Through those dark and seemingly hopeless times, the prophets of God have called on people to join in the opening words of today’s psalm (25:1): “To you, O Lord, I lift up my soul; my God, I put my trust in you.” These are sometimes easy words to say, especially when we are desperate; but they are rarely easy words to mean and to live.
One major obstacle that we face in living them is the fact that what we often want is for God to put things back the way they were, the way things used to be. But the simple reality of life is that there is no going back. What is past is past. The new beginning is always, it seems, going to be truly new.
As Jeremiah describes the new beginning that will come after the destruction and the exile, he makes some significant changes from the past. He never, for example, mentions the temple being rebuilt, even though, at least in the popular mind, it had been the very center of the people’s and the nation’s life. Judah and Israel’s past was past. The future will not be a return to the way things used to be. It will be something different: it will be God’s new creation.
His message is clear: you can’t just trust in your old ways of thinking and of living; you have to let go of them and trust in God alone. That is probably the biggest challenge in trusting in God: trusting enough to let go of the past, of the way things used to be, in order to allow God to make of us and of the world something new.

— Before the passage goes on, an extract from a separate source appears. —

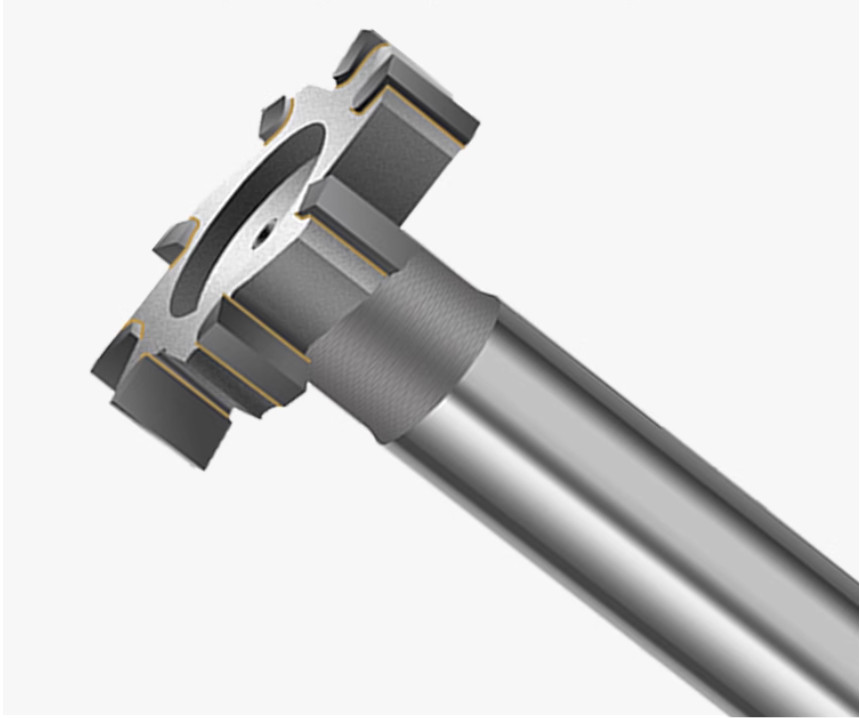 Milling Cutter Lengthened Welding T-cutter Tungsten Steel T-slot Cutter D：16MM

The hymn that we use every year to open our worship on this First Sunday of Advent is, pointedly, the very first one in Wonder, Love, and Praise. It asks that eternal, and eternally important, question of God: “Can it be that from our endings new beginnings you create? Life from death, and from our rendings, realms of wholeness generate?”
That is the focus of Advent: endings leading to new beginnings. And this season that starts a new church year confronts us with the ancient question: “Are you willing to let go of the past, of fantasies about returning to the way things used to be, and instead trust in the God of new beginnings?”